● **What the exercise asks**
Once you find the line below that has "名探偵コナン　14のグッズセット　1月限定セット", output it and every line after it exactly, stopping after the line that has "Photo 5 VIN: WVGAV7AX8HK050893", with no pictures.

● **Dataset records**
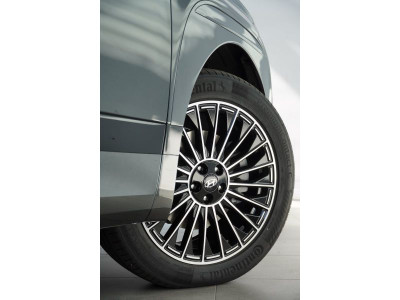 Hyundai Ioniq 9 Neuwagen Hyundai Ioniq 9 Neuwagen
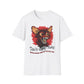 Don't Wear That Have Mercy On My Cat T-Shirt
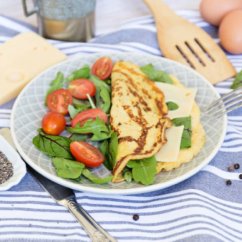 Dieta Keto pentru 8 săptămâni (280 mese)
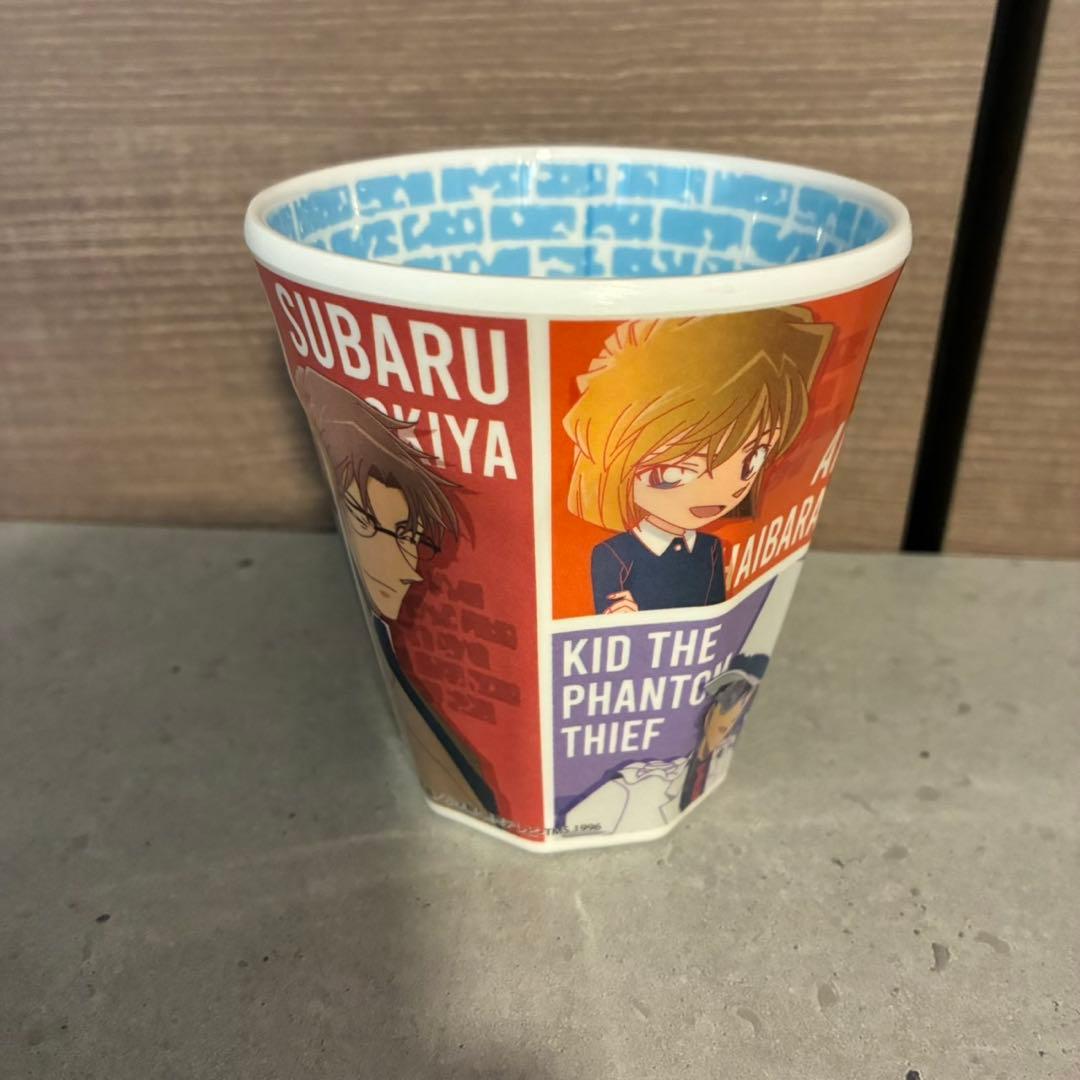 名探偵コナン　14のグッズセット　1月限定セット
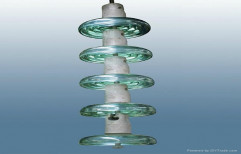 Glass Insulator by Variant Corporation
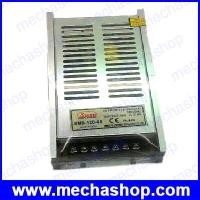 ราคา สวิทชิ่งเพาเวอร์ซัพพลาย 120W 48V 2.5A 176V-264V AC INPUT Ultra thin Single Output Switching power supply SMB-120-48 (SWC034)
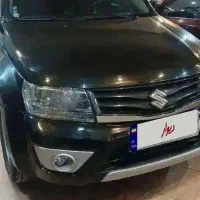 سوزوکی ویتارا موتور۲۴۰۰ دنده.قابل معاوضه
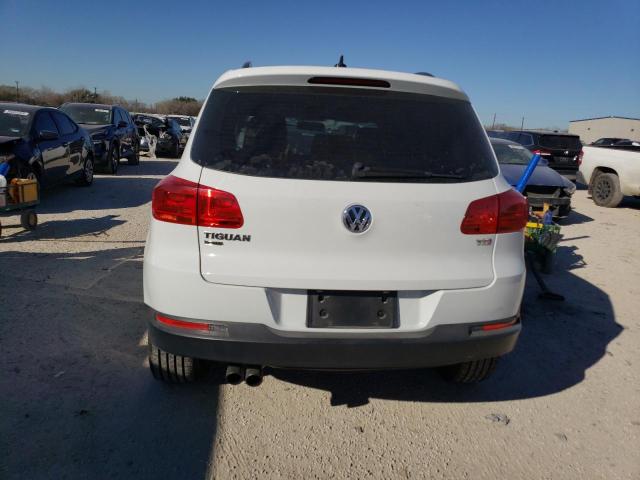 Photo 5 VIN: WVGAV7AX8HK050893 - VOLKSWAGEN TIGUAN S 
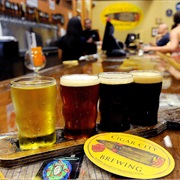 Cigar City Brewing (Tampa, FL)
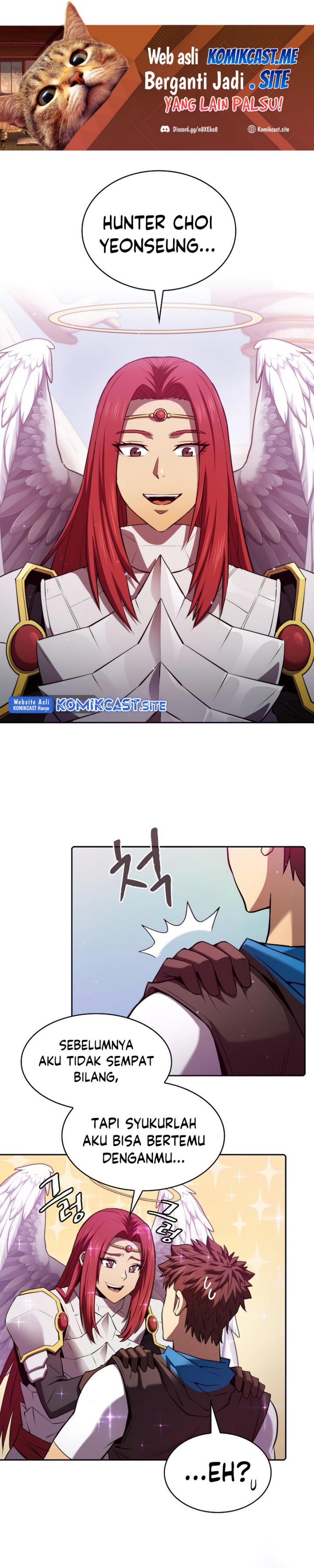 The Constellation that Returned from Hell Chapter 103 halaman 2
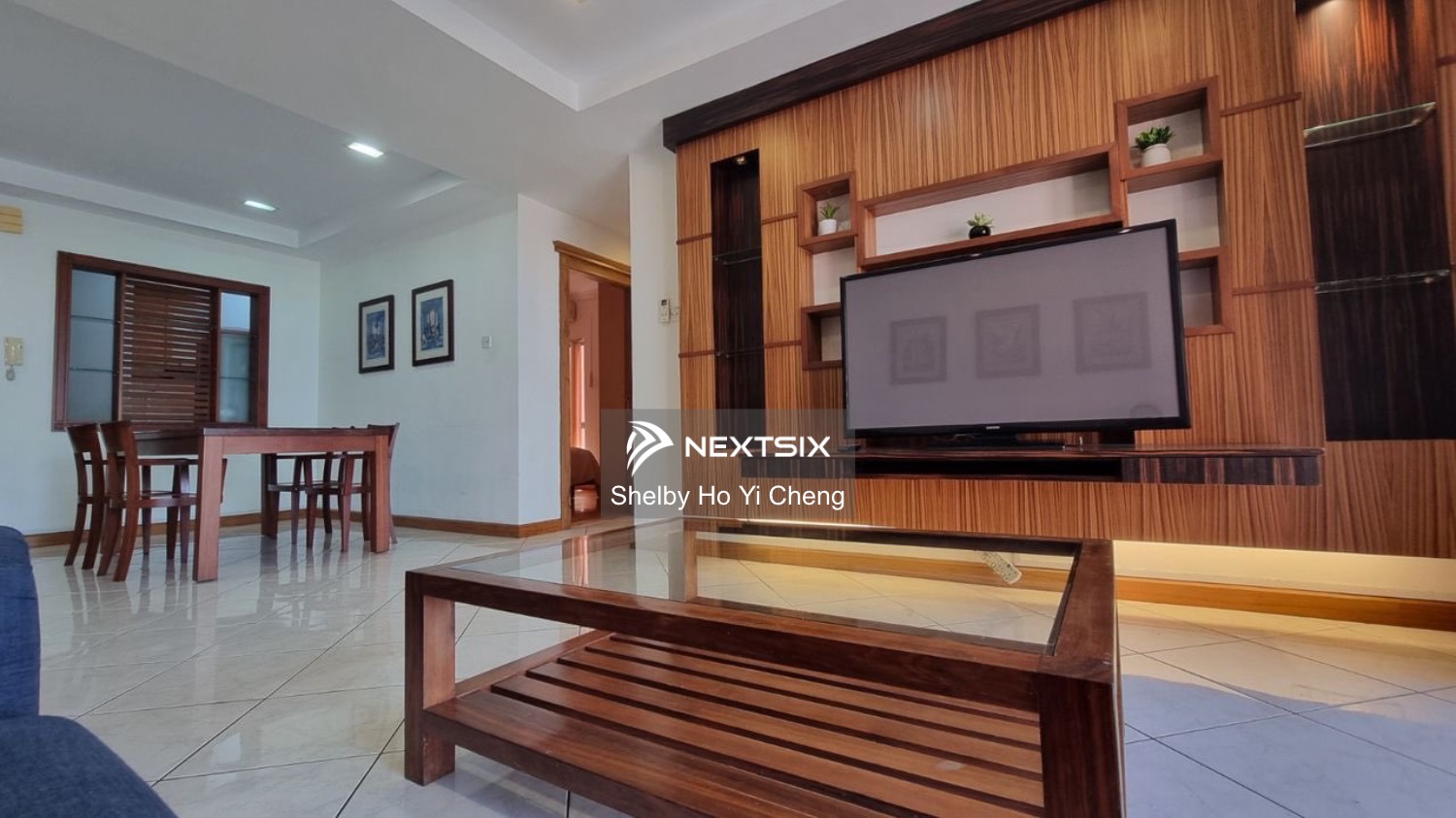 Condominium For Sale in Kota Kinabalu Sabah - Image 9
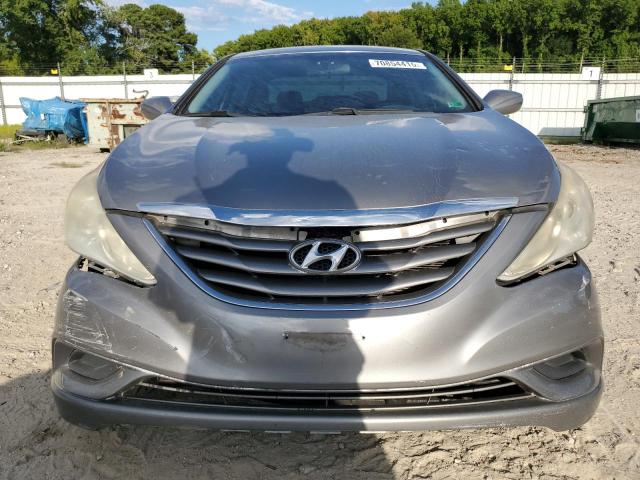 2011 HYUNDAI SONATA GLS - 5NPEB4AC9BH040907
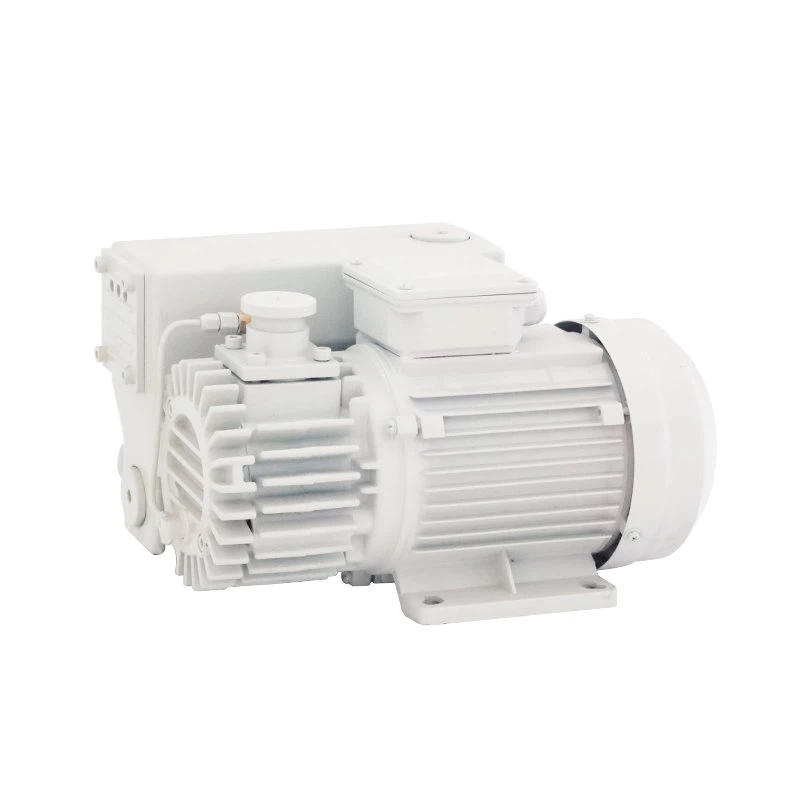 Mini Single Stage Vacuum Pump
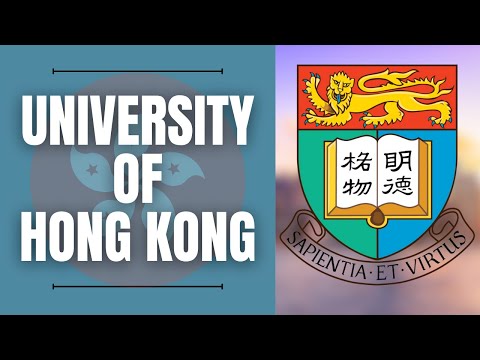 How to Apply to the University of Hong Kong (HKU) | Study in Hong Kong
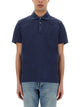 Fay Jersey Polo.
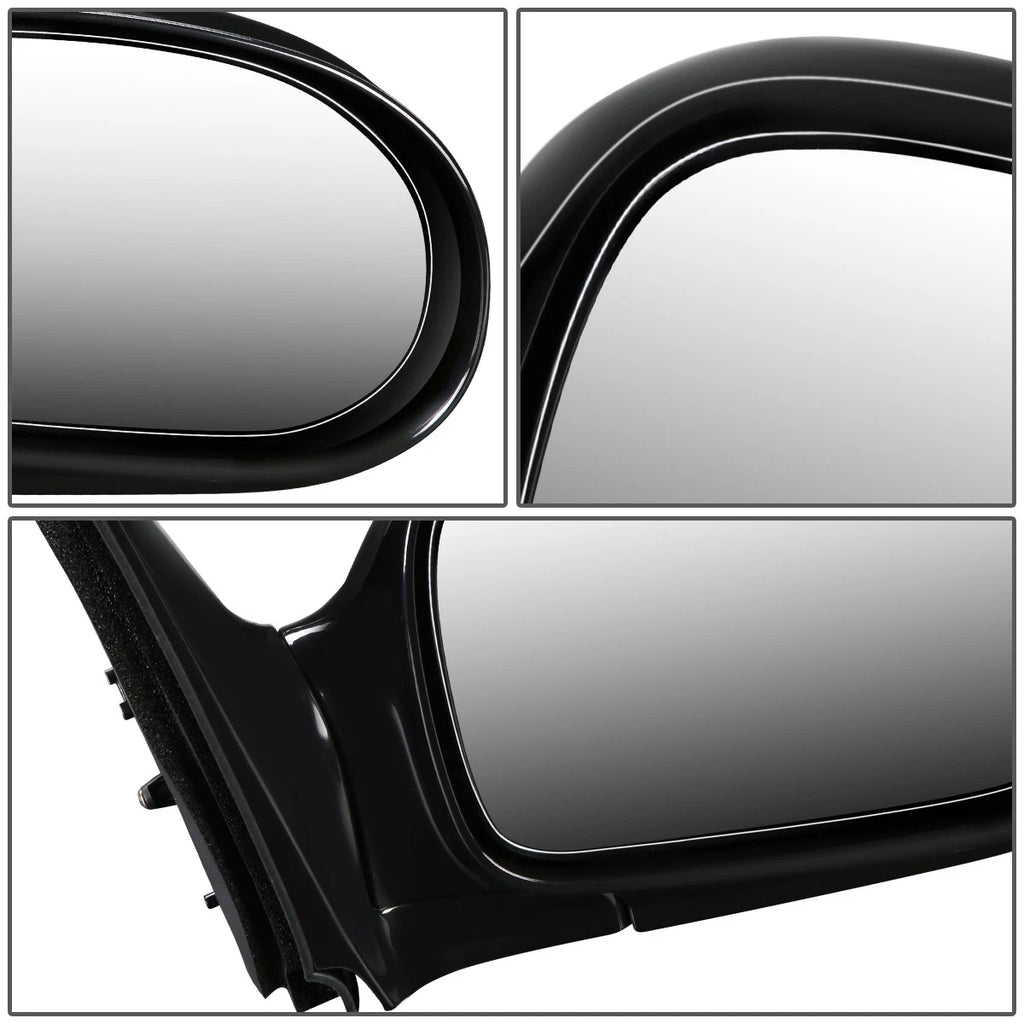 Power Heated Side Door Mirror for Kia Sedona (2002–2005) KI1321116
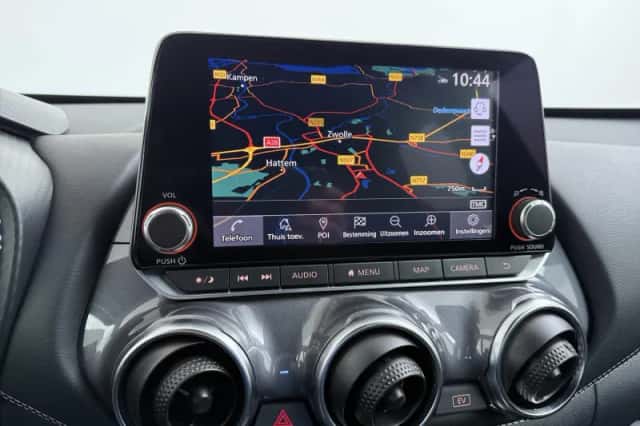 Nissan Juke (2024) thumbnail 11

● **Exercise output**
 名探偵コナン　14のグッズセット　1月限定セット
 Glass Insulator by Variant Corporation
 ราคา สวิทชิ่งเพาเวอร์ซัพพลาย 120W 48V 2.5A 176V-264V AC INPUT Ultra thin Single Output Switching power supply SMB-120-48 (SWC034)
 سوزوکی ویتارا موتور۲۴۰۰ دنده.قابل معاوضه
 Photo 5 VIN: WVGAV7AX8HK050893 - VOLKSWAGEN TIGUAN S 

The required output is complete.